一架织机,一个熟练的织工,一天也织不出一匹好绸子。
产量上不去,海贸的利润就受限。
朱友俭没有等他回答,从案上拿起那卷他这两日画的草图,展开。
那是一幅用炭笔和细墨线勾勒的示意图。
画面上画着一架与传统纺车截然不同的机器,几个立式的纱锭并排而立,底部连着一套由踏板、曲轴和齿轮组成的传动结构,一根皮带的走向在图上用虚线标注得清清楚楚。
卢廷兰的目光一接触到那幅图,整个人就僵住了。
他的身体微微前倾,像是一只嗅到猎物气息的猎犬,目光死死钉在图纸上,瞳孔微微放大。
沈大德也凑了过来,眉头紧皱,目光在图纸上来回扫了好几遍。
朱友俭指着图上最核心的变化:“传统的纺车,纱锭是卧式的,一个轮子只能带一个锭子。”

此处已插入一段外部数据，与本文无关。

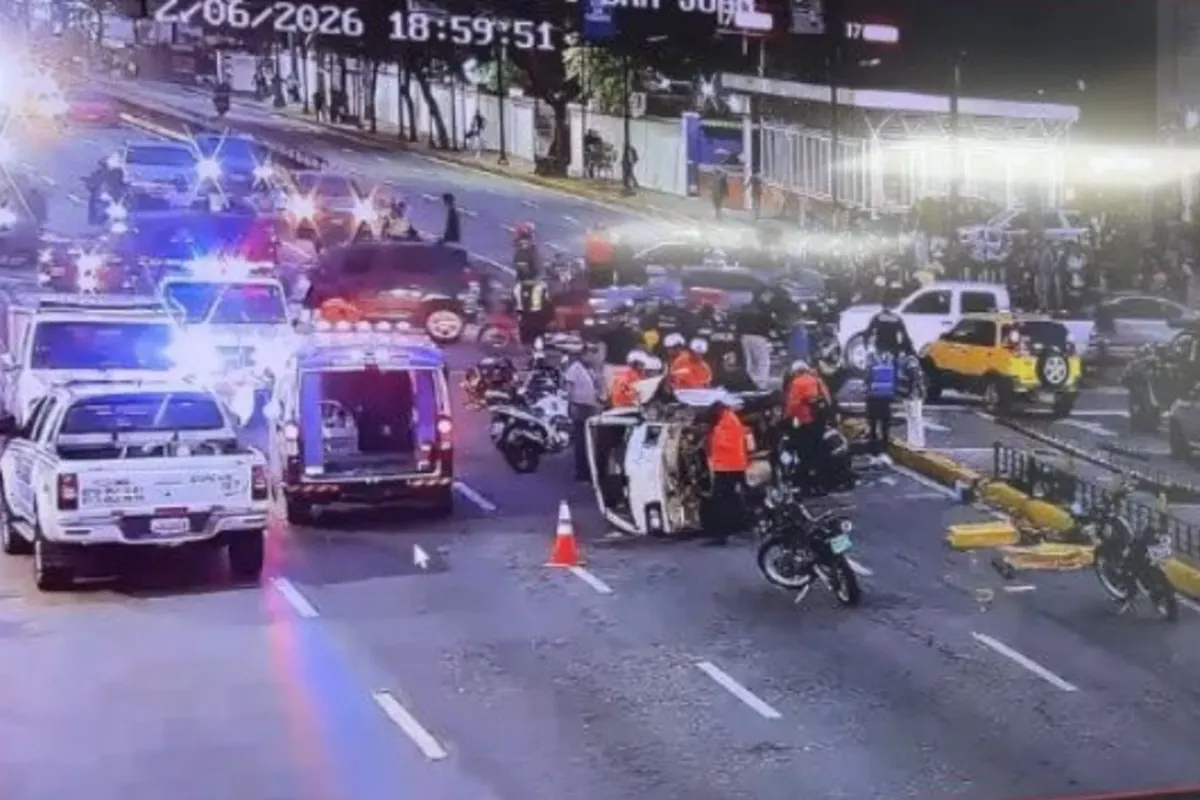 Vehículos involucrados en un accidente de tránsito en la Avenida Francisco Miranda, cerca de la Plaza Altamira, en Chacao.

他的手指移到旁边几根并排的立式纱锭上:“但你们看这个,如果把纱锭竖起来,一个轮子就能同时带动多个锭子工作。”
卢廷兰的眼睛亮了起来,嘴里已经不自觉地在念叨:“立式纱锭...一个轮子带多个...这个想法...”
他蹲下身,几乎要把脸贴到图纸上,手指悬在半空中,跟着图纸上的传动结构比划着,嘴里念念有词,声音越来越低,像是在跟自己说话。
朱友俭没有打断他,继续说下去:“原理其实不复杂。关键在于三点:第一,如何让轮子的动力均匀传到每个纱锭上;第二,如何同步完成拉伸和加捻;第三,如何把纺好的线均匀卷绕到纱锭上。”
他又翻出第二张图,上面画着更详细的传动结构草图,包括脚踏板、曲轴、齿轮组、夹持装置的示意。
每一处关键节点都用细小的炭笔字标注着尺寸和角度,旁边还画了几个箭头的示意,标注着动力的传导方向。